Hooray Foods Founder Sri Artham said his product is already sold at about 300 Whole Foods Markets and some health food stores, but COVID-19 restrictions over the previous year had eliminated one powerful tool to encourage greater product trial: sampling. 

“The pandemic’s been really hard to do that — we can’t really demo our product in grocery stores, for example, or give out samples on the street as easily,” Artham said. Pop Up Grocer has served as a means to physically get Hooray Foods’ bacon into consumers’ hands.

“We’re just excited about the opportunity to have a physical manifestation … where people could learn about it, see it, buy it, try it and get excited,” he said. Within the first week of the Chicago Pop Up Grocer, Hooray Foods had sold out of its initial shipment of product. 

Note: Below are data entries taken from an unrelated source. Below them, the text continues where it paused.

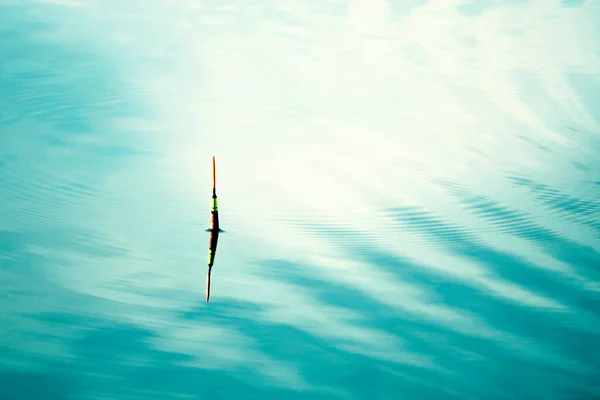 Рыбалка Озере Голубая Вода Поплавок Воде — стоковое фото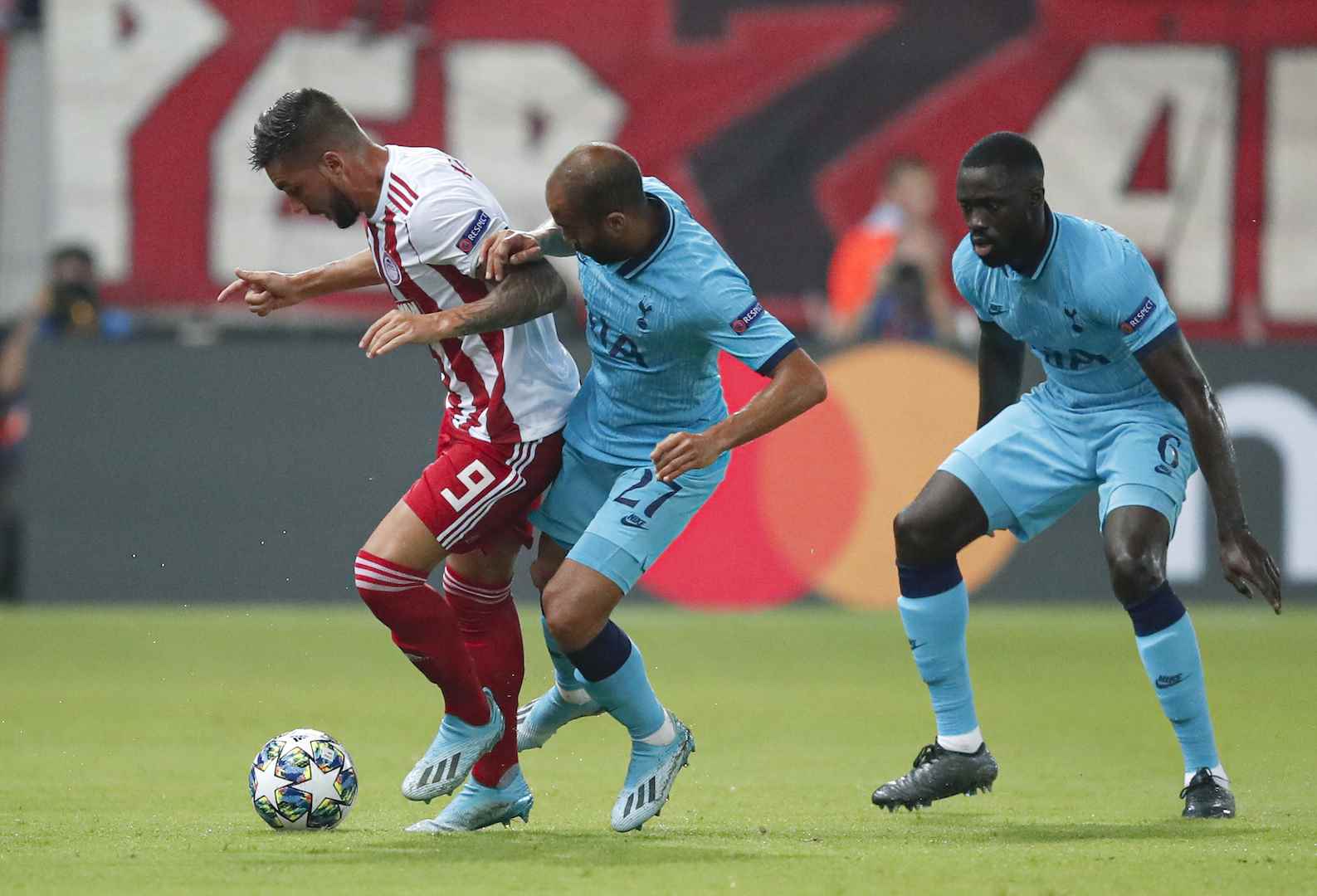 Tottenham deja ir ventaja y empata con Olympiacos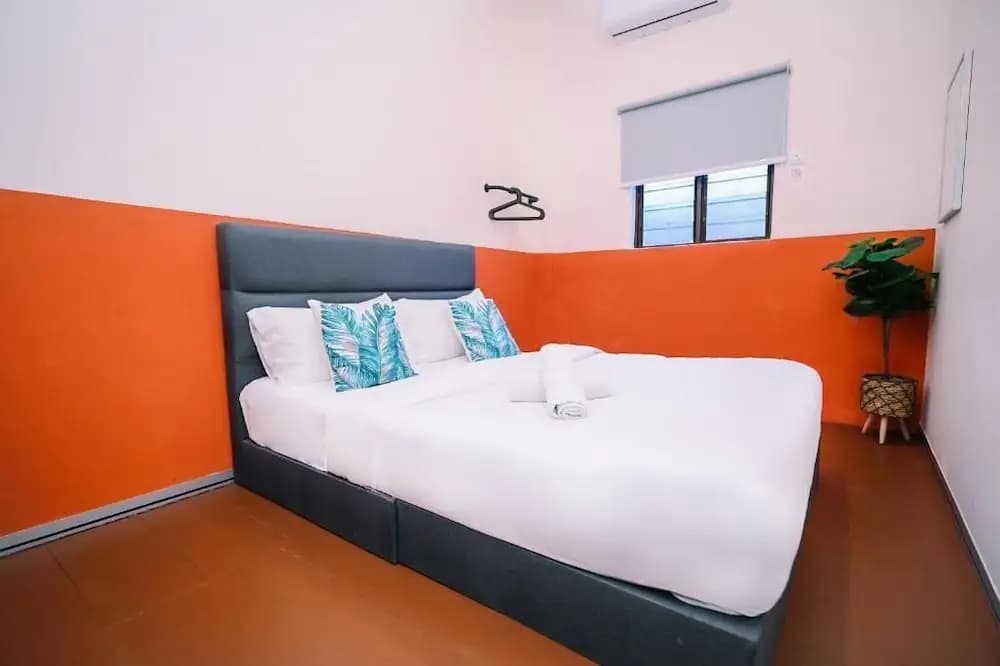 Swing & Pillows @ 75 Chulia St, Georgetown Penang - photo 20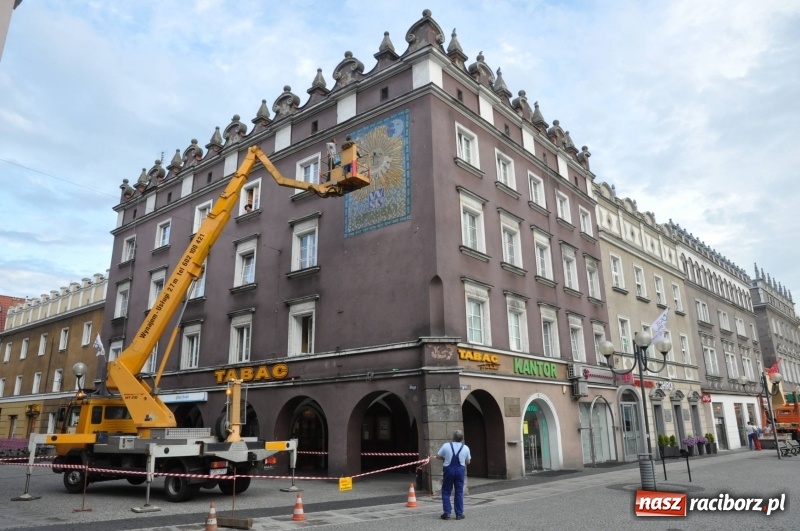 Zdjęcie w galerii na portalu naszraciborz.pl: Już wkrótce ruszą prace nad renowacją kolejnych mozaik przy Długiej wiadomości z regionu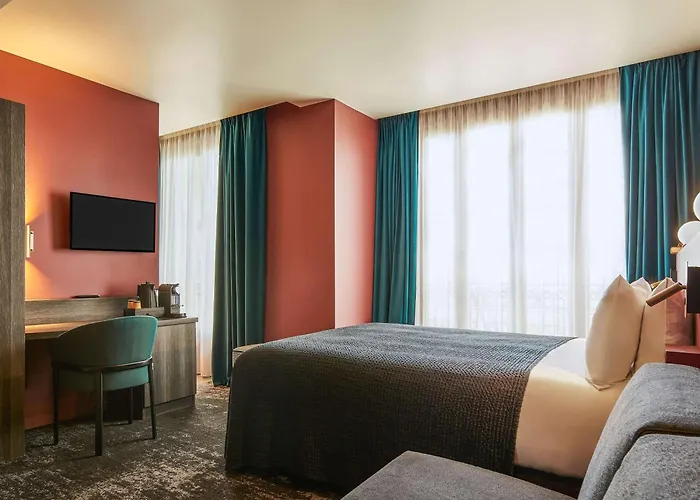 Hotel Mercure Tour Eiffel Pont Mirabeau
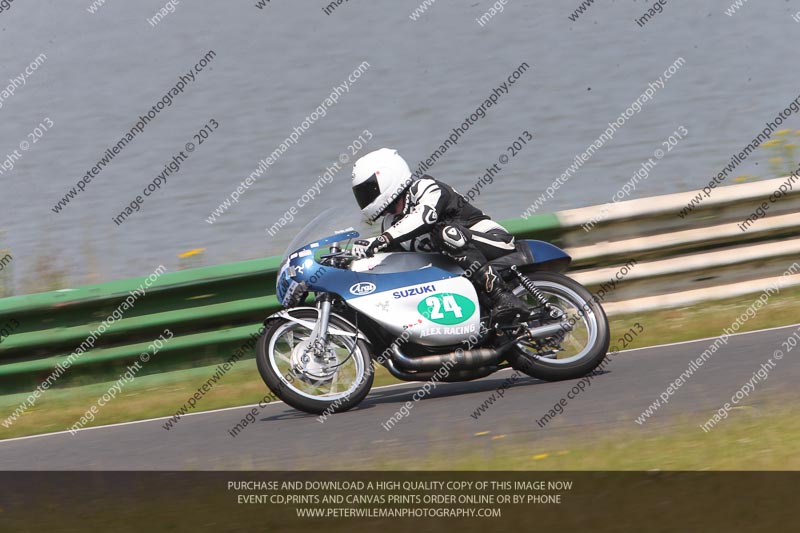 Vintage motorcycle club;eventdigitalimages;mallory park;mallory park trackday photographs;no limits trackdays;peter wileman photography;trackday digital images;trackday photos;vmcc festival 1000 bikes photographs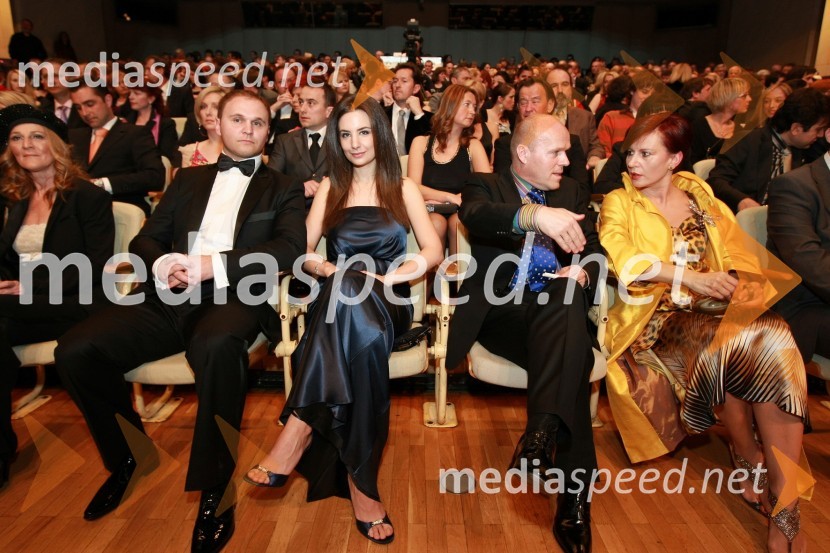Mija Jankovič, soproga Zorana Jankoviča, župana Ljubljane, Matej Raščan, direktor in lastnik podjetja Rašica Point d.o.o. in podjetja Delo revije, d.d., njegova zaročenka Marija Pandrc, izvršna direktorica Rašice in Marijan Jurenec, generalni direktor Pro Plus s soprogoViktorji 2008, dogajanje na odru in v dvorani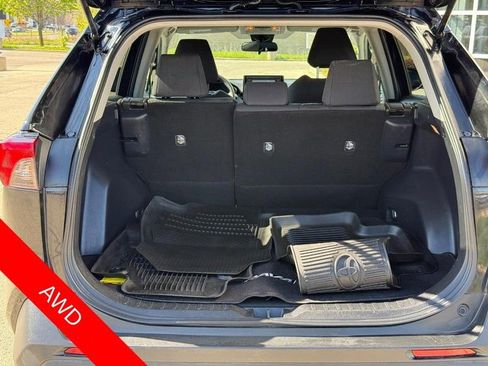 Used 2021 Toyota RAV4 LE w/ Carpet Mat Package (TMS) AWD/4WD image 9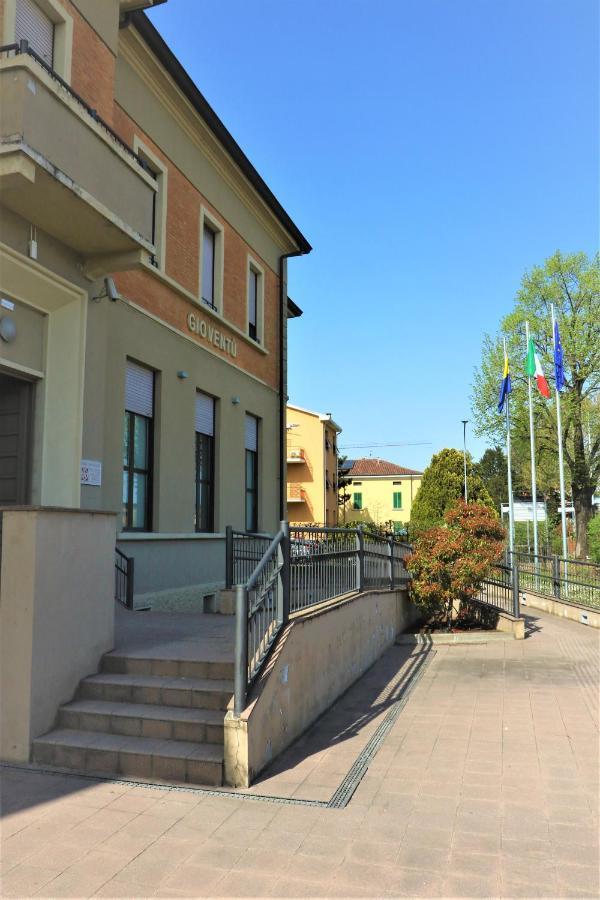 Student'S Hostel Parma Eksteriør billede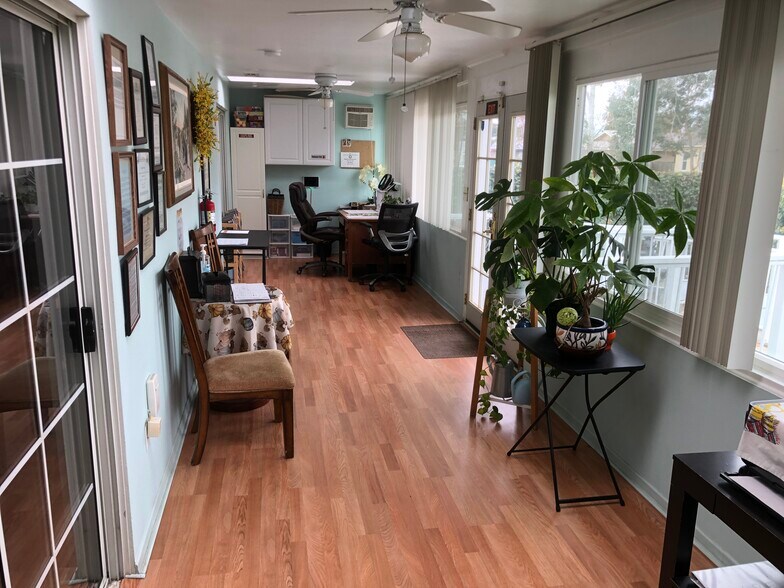 More Photos Of 264 E 2nd St, San Jacinto Assisted Living For Sale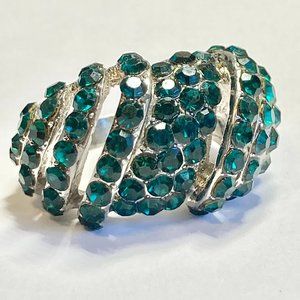 Vintage Emerald Green Crystal Boho Dome Cocktail Ring Size 9 Silver Tone Plated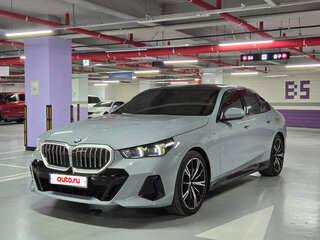2025 BMW 5 серии 530i xDrive VIII (G60/G61/G68), серый, 7880000 рублей, вид 1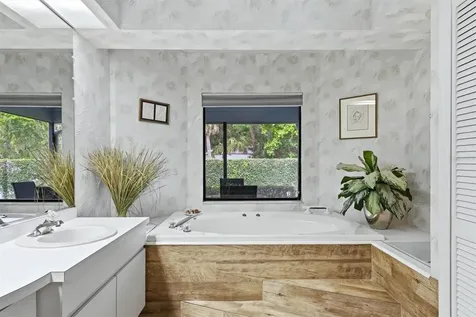 2644 Moss Oak Drive Sarasota FL 34231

Pan’s Mushroom Jerky has participated in all five of Pop-Up Grocer’s events. The Portland, Oregon-based startup launched its shiitake mushroom-based jerky in 2018, offering a vegan, gluten-free snack that also is said to be a good source of fiber and vitamin D. It received a recent boost after appearing on Shark Tank and launching its product on Amazon Prime. The jerky is also available in about 900 stores nationwide. But Pop Up Grocer has offered its own unique outlet for brand exposure.   

“Our brand definitely doesn’t feel like it gets drowned out or lost in the noise,” said Shannon Lehotsky, head of sales and marketing for Pan’s. “It seems like it’s a very curated experience … We can get in front of a lot of people. I also think that there’s not that many opportunities to really transform grocery shopping and to have a fun experience, and I think it reinvigorates consumers’ enthusiasm and excitement about discovering snacks.” 

Lehotsky was initially leery about participating in a pop-up concept. Sometimes the execution is lacking, and brands are not represented accurately.

I’ve worked with pop-ups before where they’re like, ‘Yeah we’re going to represent your brand,’ and sometimes they don’t quite nail it,” she said, noting that they sometimes mischaracterize products to the end user. Pop Up Grocer uses brand descriptions from the CPGs themselves in making its event pamphlets. “That’s our language, our voice,” Lehotsky said.  

There are costs, however, associated in working with Pop Up Grocer, she noted, “so there is that barrier to entry that is the risk.” 


“Our brand definitely doesn’t feel like it gets drowned out or lost in the noise. It seems like it’s a very curated experience … We can get in front of a lot of people. I also think that there’s not that many opportunities to really transform grocery shopping and to have a fun experience, and I think it reinvigorates consumers’ enthusiasm and excitement about discovering snacks.”

Shannon Lehotsky

Head of sales and marketing, Pan’s Mushroom Jerky


Because Pop Up Grocer considers itself more of a marketing vehicle than a grocery store, it charges each brand a showcase fee, which Schildt declined to specify. “The brand makes the overwhelmingly large majority of the share of revenue from the sales of their product in store,” she noted.

Thus far, Pan’s has not only been able to sell jerky but it has also gotten exposure on multiple fronts, including in consumer publications such as Food & Wine.